A person skilled in the art may clearly understand that, for the purpose of convenient and brief descriptions, for a detailed working process of the system described above, refer to a corresponding process in the foregoing method embodiments. Details are not described herein again.
In the several embodiments provided, it should be understood that the disclosed system and method may be implemented in other manners. For example, the described system embodiment is merely an example. For example, division into the units is merely logical function division and may be other division during actual implementation. For example, a plurality of units or components may be combined or integrated into another system, or some features may be ignored or not performed.
The units described as separate parts may or may not be physically separate, and parts displayed as units may or may not be physical units, may be located in one position, or may be distributed on a plurality of network units. Some or all of the units may be selected based on actual requirements to achieve the objectives of the solutions of embodiments.
In addition, functional units in embodiments may be integrated into one processing unit, each of the units may exist alone physically, or two or more units are integrated into one unit.
When the functions are implemented in the form of a software functional unit and sold or used as an independent product, the functions may be stored in a computer-readable storage medium. Based on such an understanding, the technical solutions of this disclosure essentially, or the part contributing to the technology, or some of the technical solutions may be implemented in a form of a software product. The computer software product is stored in a storage medium, and includes several instructions for indicating a computer device (which may be a personal computer, a server, or a network device) to perform all or a part of the steps of the methods described in embodiments. The foregoing storage medium includes any medium that can store program code, such as a USB flash drive, a removable hard disk, a ROM, a RAM, a magnetic disk, or an optical disc.
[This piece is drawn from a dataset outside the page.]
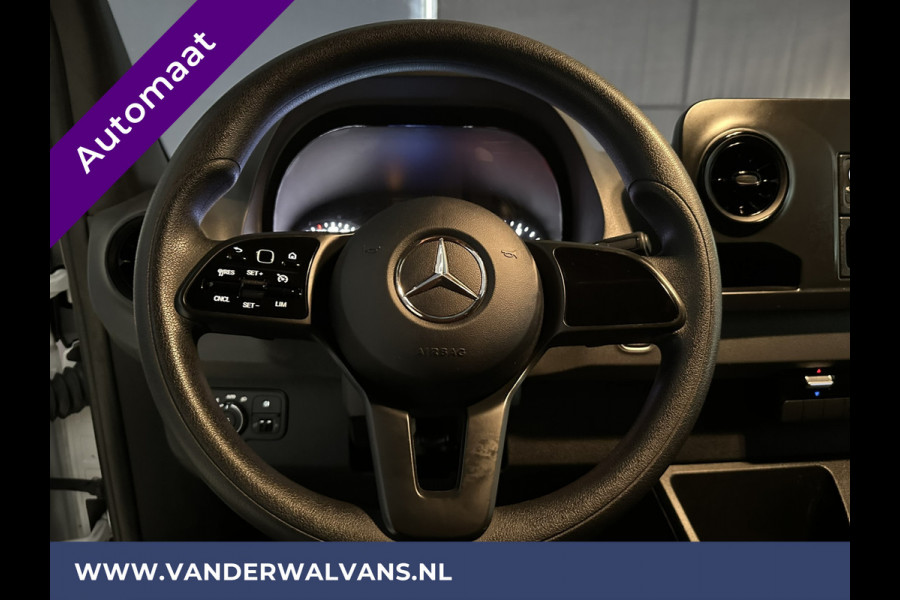 Mercedes-Benz Sprinter 314 CDI 143pk 9G-Tronic Automaat L2H2 Euro6 Airco | Cruisecontrol Bluetooth telefoonvoorbereiding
The foregoing descriptions are merely specific implementations, but are not intended to limit the protection scope of this disclosure. Any variation or replacement readily figured out by a person skilled in the art within the technical scope disclosed shall fall within the protection scope of this disclosure. Therefore, the protection scope of this disclosure shall be subject to the protection scope of the claims.
1. A method comprising:
generating, by a data production cluster, metadata of shared data that comprise target shared data;
storing, by the data production cluster, the shared data into a shared storage shared by the data production cluster and a data consumption cluster comprising data nodes that use the shared data;
receiving, by the data production cluster, a metadata operation instruction;
determining, by the data production cluster and based on the metadata operation instruction, target metadata of the target shared data;
sending, by the data production cluster and to the data consumption cluster, the target metadata; and
reading, by the data consumption cluster, the target shared data from the shared storage based on the target metadata.
2. The method of claim 1, further comprising receiving, by the data consumption cluster, a data processing instruction for the target shared data.
3. The method of claim 2, further comprising processing, by the data consumption cluster, the target shared data based on the data processing instruction.
4. The method of claim 3, further comprising formulating, by a coordinator node, a global execution plan for the data production cluster and the data consumption cluster based on a query request from a user, wherein the global execution plan comprises the metadata operation instruction and the data processing instruction.
5. The method of claim 1, further comprising scanning, by the data production cluster, a first index of the shared data based on the metadata operation instruction to obtain a second index of the target shared data.
6. The method of claim 5, further comprising further determining, by the data production cluster and based on the second index, the target metadata.
7. The method of claim 6, further comprising:
sending, by the data production cluster and to the data consumption cluster, the second index; and
further reading, by the data consumption cluster, the target shared data from the shared storage based on the target metadata and the second index.
8. The method of claim 1, further comprising:
determining, by the data production cluster, one or more destination data nodes of the data nodes based on a correspondence between the data nodes and data shards corresponding to the one or more destination data nodes, wherein the shared data belongs to the data shards; and
further sending, by the data production cluster and to the one or more destination data nodes, the target metadata.
9. A system comprising:
a data consumption cluster; and
a data production cluster configured to:
generate metadata of shared data that comprise target shared data;
store the shared data into a shared storage shared by the data production cluster and the data consumption cluster comprising data nodes that use the shared data;
receive a metadata operation instruction;
determine, based on the metadata operation instruction, target metadata of the target shared data; and
send, to the data consumption cluster, the target metadata,
wherein the data consumption cluster is configured to read the target shared data from the shared storage based on the target metadata.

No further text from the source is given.